Die Modemacherinnen und -macher in Beirut senken die Preise und verzichten auf Profit, damit sich die Leute, die wie sie unter der Wirtschaftskrise leiden, ihre Kleider leisten können. «Wir versuchen unser Bestes, mit den Mitteln ums Überleben zu kämpfen, die wir haben,» sagt die junge Modedesignerin Lamia Nassif.
Wir Libanesen wollen leben!
Im christlichen Ashrafie-Quartier versucht ein kleiner Weihnachtsmarkt Stimmung zu machen und gleichzeitig der Trauer in der Stadt gerecht zu werden: neben einem üppig geschmückten Weihnachtsbaum steht eine grosse Kunststoff-Kerze, auf der die Namen der über 200 Menschen geschrieben sind, die in der Explosion vom 4. August umgekommen sind.
Auch hier ist die Non-Profit-Organisation und Kulturplatform Beirutetna aktiv: Bis Ende Dezember organisiert sie hier ein Openair-Musik-Festival unter Beachtung aller Coronamassnahmen.

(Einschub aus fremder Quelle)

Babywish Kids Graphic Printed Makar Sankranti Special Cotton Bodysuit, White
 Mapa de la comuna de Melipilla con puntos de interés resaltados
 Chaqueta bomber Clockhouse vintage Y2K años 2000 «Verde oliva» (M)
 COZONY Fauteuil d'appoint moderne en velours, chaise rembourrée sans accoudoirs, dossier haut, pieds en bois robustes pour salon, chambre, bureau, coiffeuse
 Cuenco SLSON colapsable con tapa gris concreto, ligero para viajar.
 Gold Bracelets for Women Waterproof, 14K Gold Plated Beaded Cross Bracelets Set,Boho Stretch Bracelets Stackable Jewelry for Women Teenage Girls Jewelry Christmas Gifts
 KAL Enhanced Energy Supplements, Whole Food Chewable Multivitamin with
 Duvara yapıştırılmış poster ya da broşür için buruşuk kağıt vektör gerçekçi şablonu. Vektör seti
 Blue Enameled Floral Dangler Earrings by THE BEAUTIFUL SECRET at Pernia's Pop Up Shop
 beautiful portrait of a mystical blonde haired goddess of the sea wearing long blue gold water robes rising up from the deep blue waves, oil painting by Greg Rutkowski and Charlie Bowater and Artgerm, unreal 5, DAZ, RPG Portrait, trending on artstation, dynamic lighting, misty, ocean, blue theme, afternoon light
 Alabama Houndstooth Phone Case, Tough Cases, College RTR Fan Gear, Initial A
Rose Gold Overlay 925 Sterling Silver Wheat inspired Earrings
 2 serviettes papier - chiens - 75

Die junge Muslimin Masha ist extra aus dem Süden Libanons angereist, weil sie um ihre zerstörte Hauptstadt geweint habe und in all dieser Misere etwas Schönes sehen wolle. Als 14-Jährige hat sie den Libanonkrieg überlebt, von dem der von der radikalen Hisbollah-Miliz kontrollierte Süden besonders betroffen war.
«Wir Libanesen wollen leben. Wir haben in diesem Land schon genug gelitten,» sagt die 28-Jährige. «Dieser Ort gibt uns den Glauben, dass wir einmal ein besseres Leben haben werden,» sagt Masha.